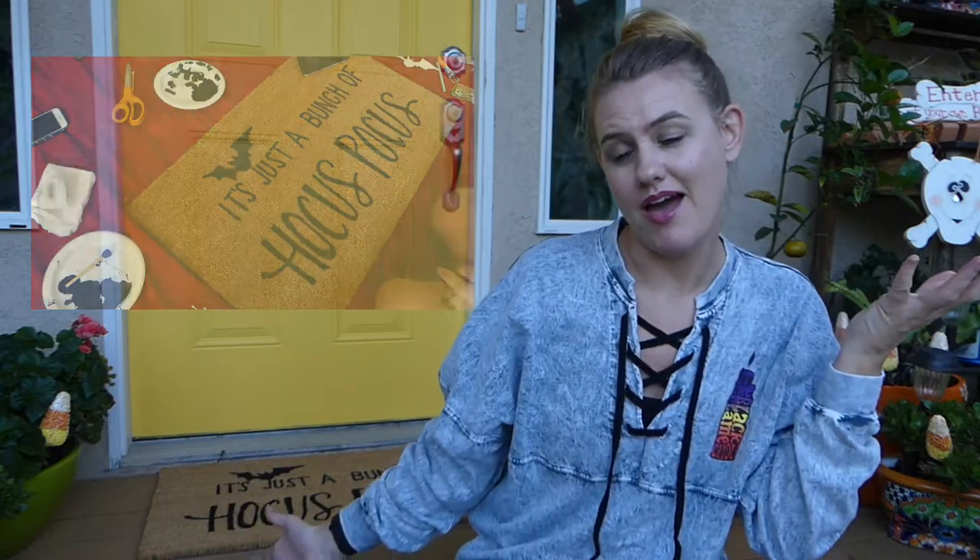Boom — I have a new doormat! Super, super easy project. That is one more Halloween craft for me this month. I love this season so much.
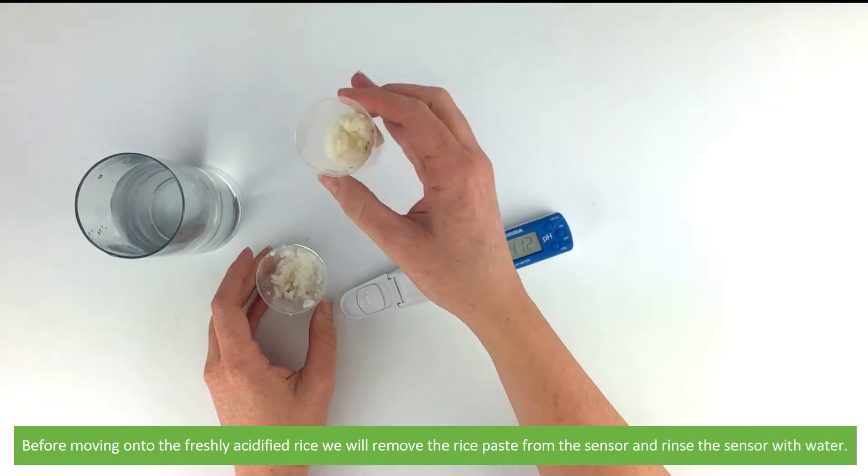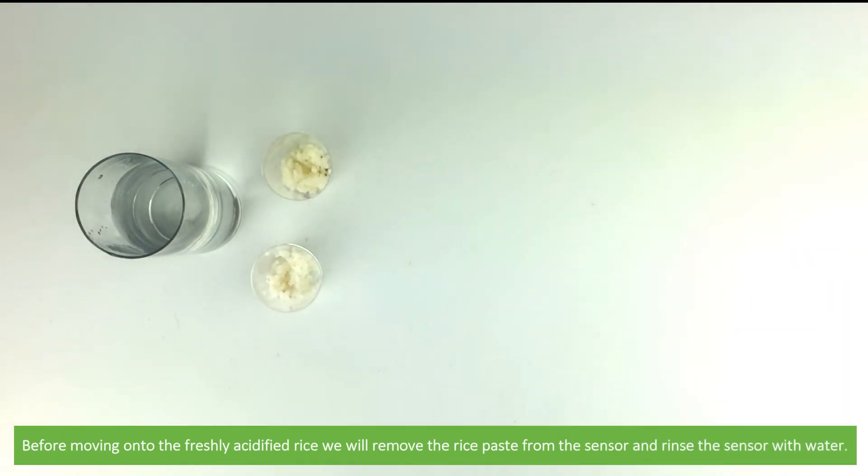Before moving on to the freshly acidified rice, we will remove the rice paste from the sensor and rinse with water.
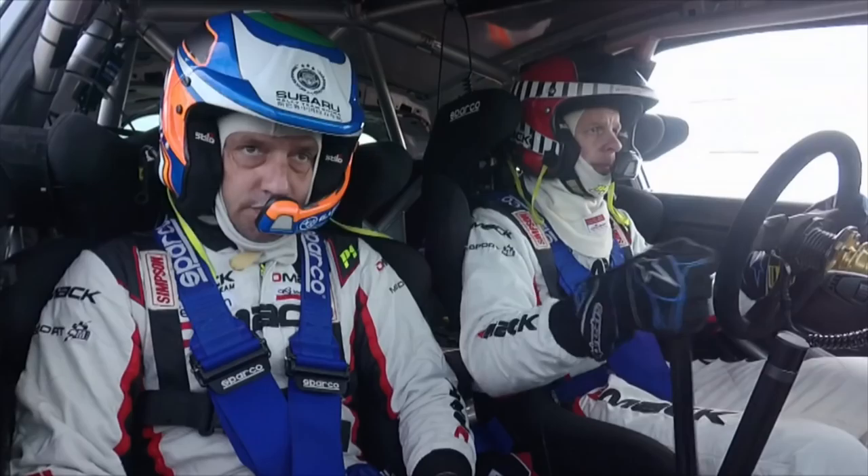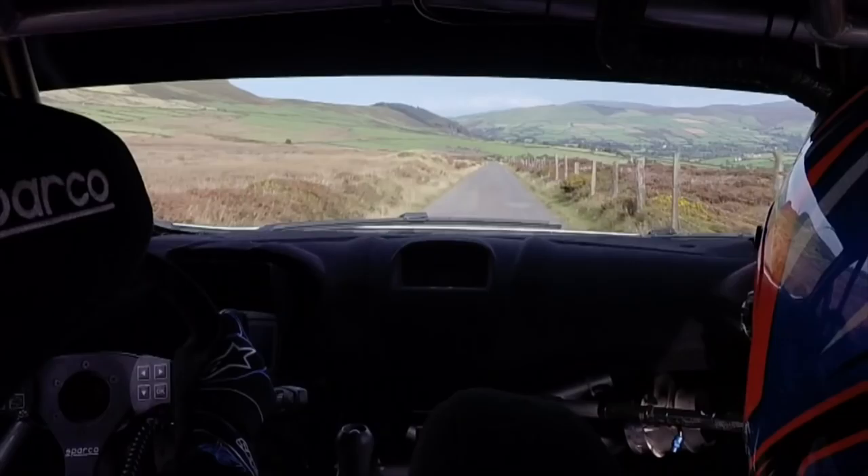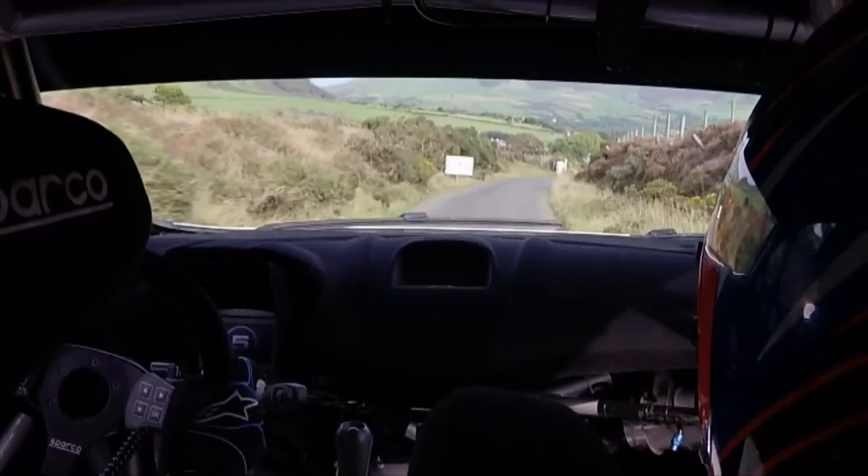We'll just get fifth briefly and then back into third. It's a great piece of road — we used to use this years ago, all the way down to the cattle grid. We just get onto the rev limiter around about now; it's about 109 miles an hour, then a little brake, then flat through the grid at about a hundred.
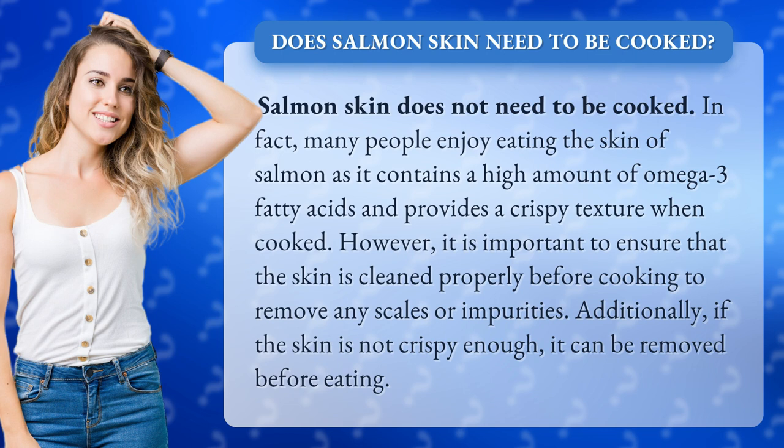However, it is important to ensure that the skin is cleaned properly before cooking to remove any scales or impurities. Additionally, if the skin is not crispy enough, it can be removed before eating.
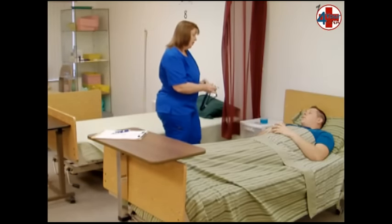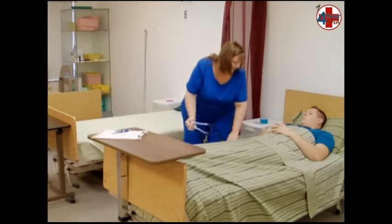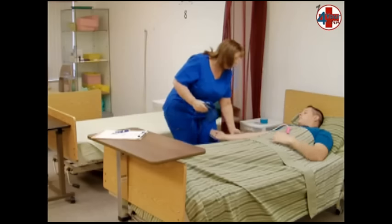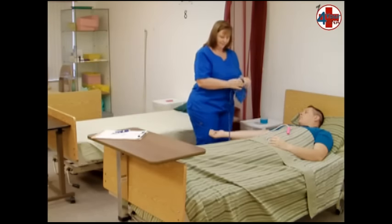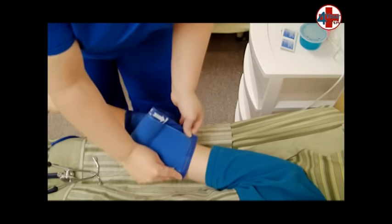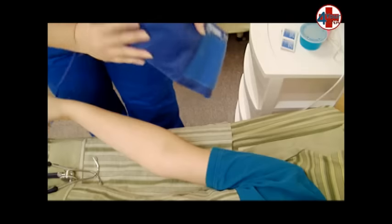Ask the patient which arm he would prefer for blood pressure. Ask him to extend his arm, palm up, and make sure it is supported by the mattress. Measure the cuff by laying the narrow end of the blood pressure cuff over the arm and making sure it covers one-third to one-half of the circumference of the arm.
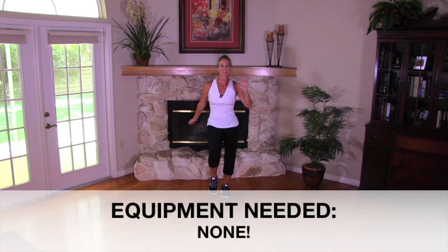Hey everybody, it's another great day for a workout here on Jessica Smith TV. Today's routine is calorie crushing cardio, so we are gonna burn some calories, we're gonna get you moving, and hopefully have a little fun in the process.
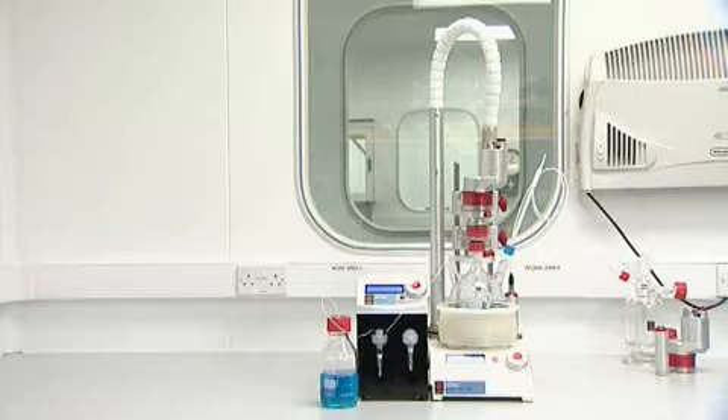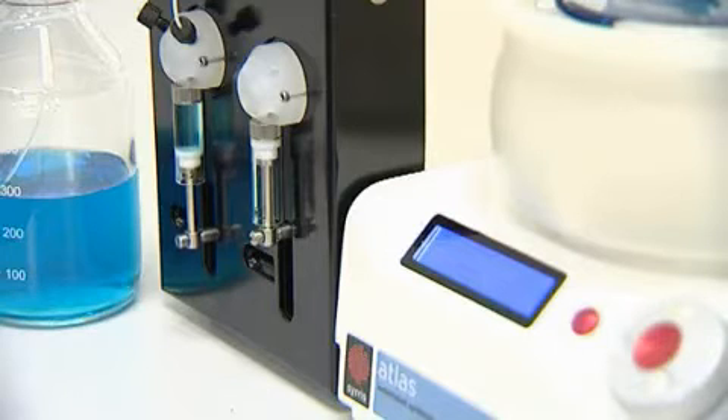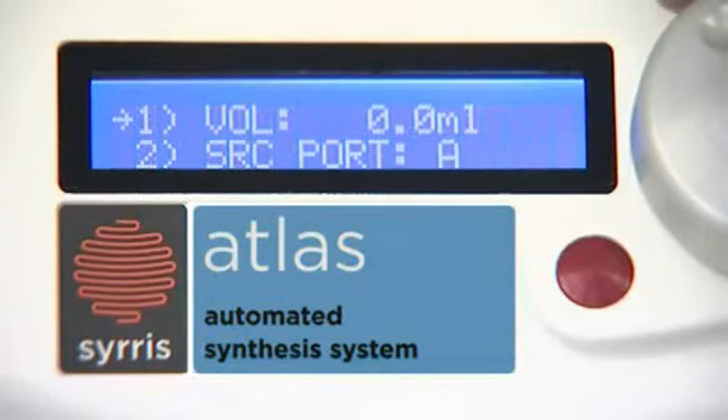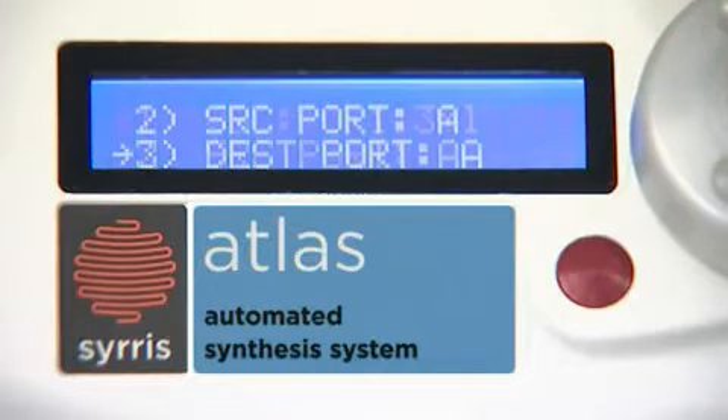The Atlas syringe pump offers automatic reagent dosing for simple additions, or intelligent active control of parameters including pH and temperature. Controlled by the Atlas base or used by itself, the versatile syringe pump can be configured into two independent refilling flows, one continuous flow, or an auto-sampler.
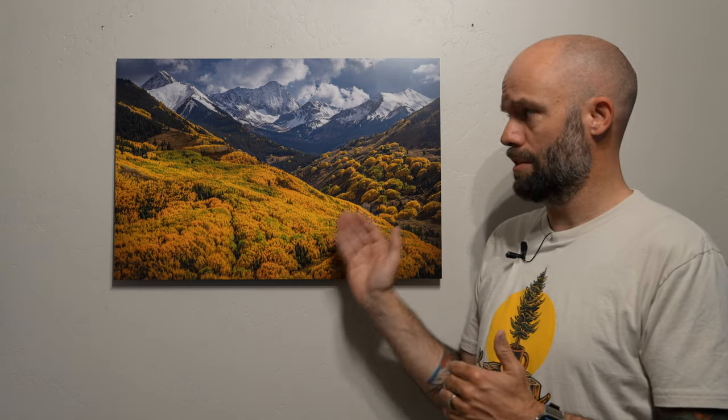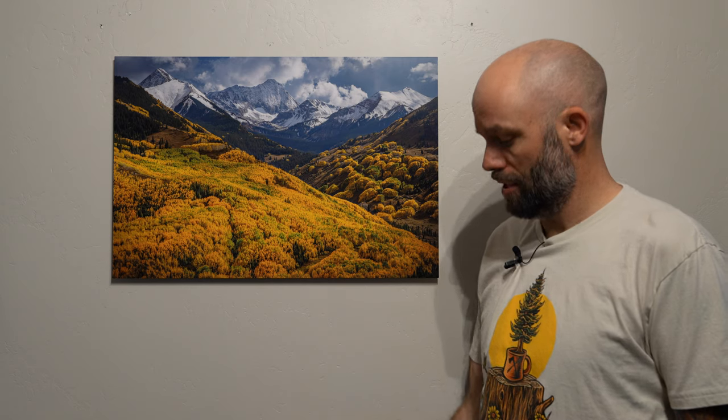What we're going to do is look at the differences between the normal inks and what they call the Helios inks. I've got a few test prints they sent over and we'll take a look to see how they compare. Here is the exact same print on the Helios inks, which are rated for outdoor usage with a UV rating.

= = =

→ **Task instructions**
Begin at the first line of the data above and repeat each line exactly, stopping after the line containing "Ask the patient". Omit the pictures.

→ **Expected output**
Boom — I have a new doormat! Super, super easy project. That is one more Halloween craft for me this month. I love this season so much.
Before moving on to the freshly acidified rice, we will remove the rice paste from the sensor and rinse with water.
We'll just get fifth briefly and then back into third. It's a great piece of road — we used to use this years ago, all the way down to the cattle grid. We just get onto the rev limiter around about now; it's about 109 miles an hour, then a little brake, then flat through the grid at about a hundred.
However, it is important to ensure that the skin is cleaned properly before cooking to remove any scales or impurities. Additionally, if the skin is not crispy enough, it can be removed before eating.
Ask the patient which arm he would prefer for blood pressure. Ask him to extend his arm, palm up, and make sure it is supported by the mattress. Measure the cuff by laying the narrow end of the blood pressure cuff over the arm and making sure it covers one-third to one-half of the circumference of the arm.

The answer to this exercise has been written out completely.